Brief - In this exercise, copy exactly the lines from the one that contains "Net zero icon" through the end of the entries below; pictures are not copied.

=== Provided records ===

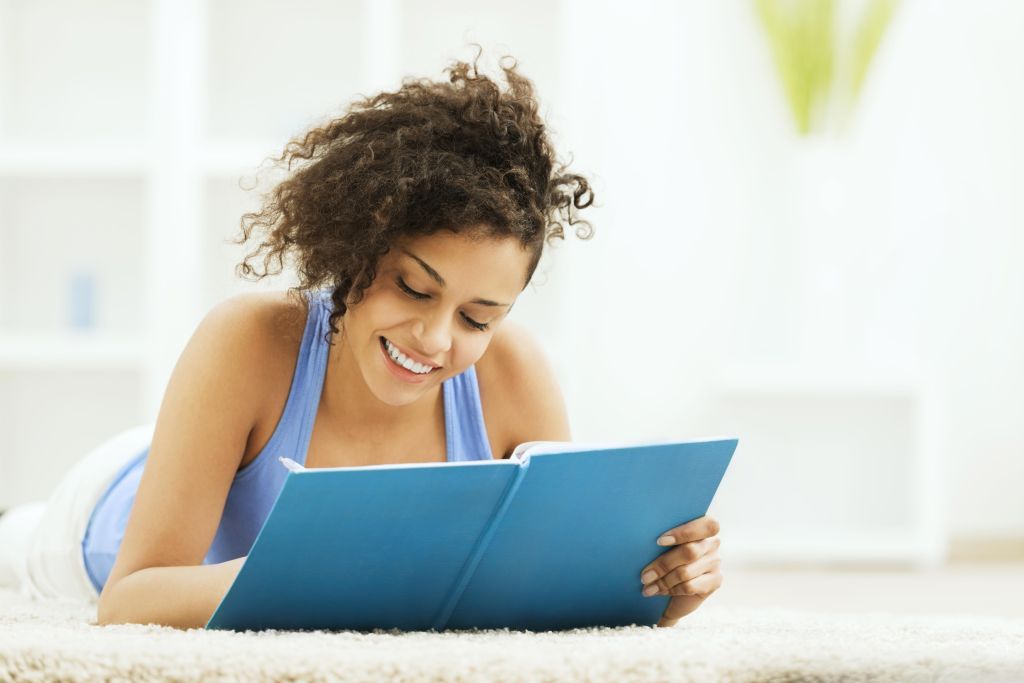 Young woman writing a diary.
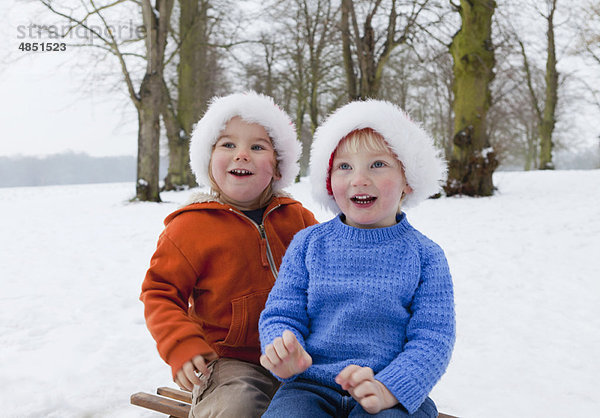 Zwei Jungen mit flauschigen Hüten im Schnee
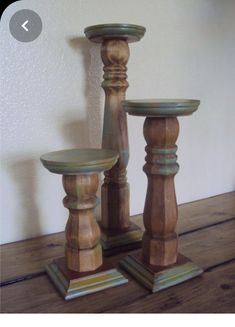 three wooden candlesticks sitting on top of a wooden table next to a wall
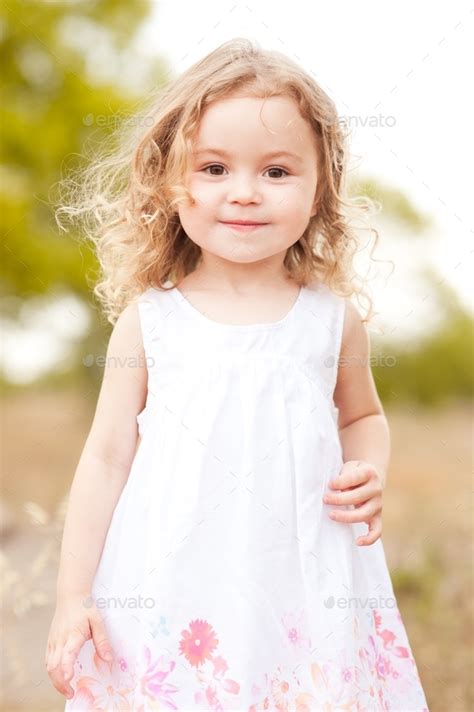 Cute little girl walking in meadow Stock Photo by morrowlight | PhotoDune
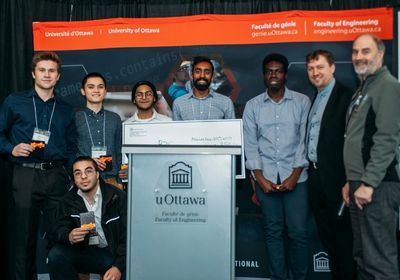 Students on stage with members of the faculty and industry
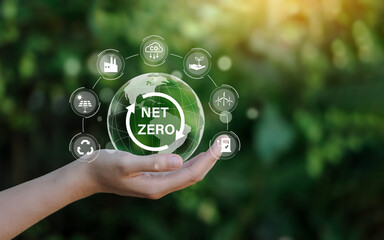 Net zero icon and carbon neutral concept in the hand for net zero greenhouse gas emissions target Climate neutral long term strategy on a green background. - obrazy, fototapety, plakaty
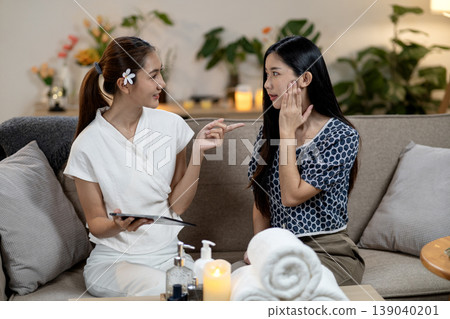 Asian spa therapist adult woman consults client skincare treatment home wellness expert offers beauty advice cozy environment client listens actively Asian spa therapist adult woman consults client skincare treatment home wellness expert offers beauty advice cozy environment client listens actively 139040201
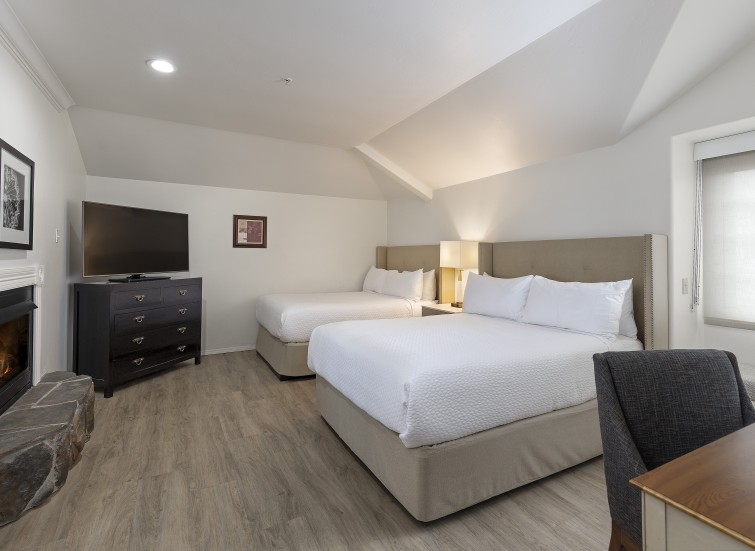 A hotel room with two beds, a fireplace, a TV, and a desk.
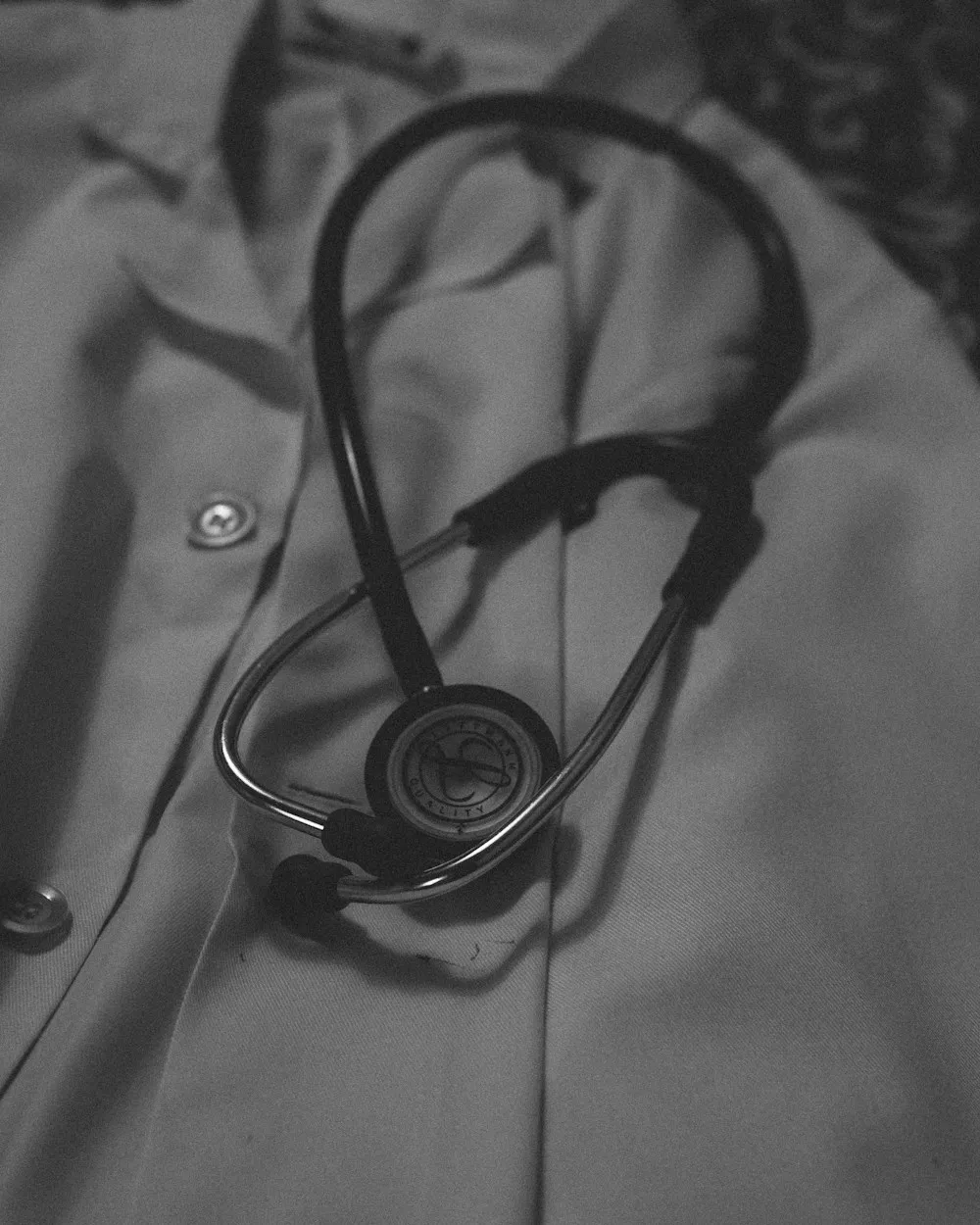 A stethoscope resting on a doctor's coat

===

Task result -
 Net zero icon and carbon neutral concept in the hand for net zero greenhouse gas emissions target Climate neutral long term strategy on a green background. - obrazy, fototapety, plakaty
 Asian spa therapist adult woman consults client skincare treatment home wellness expert offers beauty advice cozy environment client listens actively Asian spa therapist adult woman consults client skincare treatment home wellness expert offers beauty advice cozy environment client listens actively 139040201
 A hotel room with two beds, a fireplace, a TV, and a desk.
 A stethoscope resting on a doctor's coat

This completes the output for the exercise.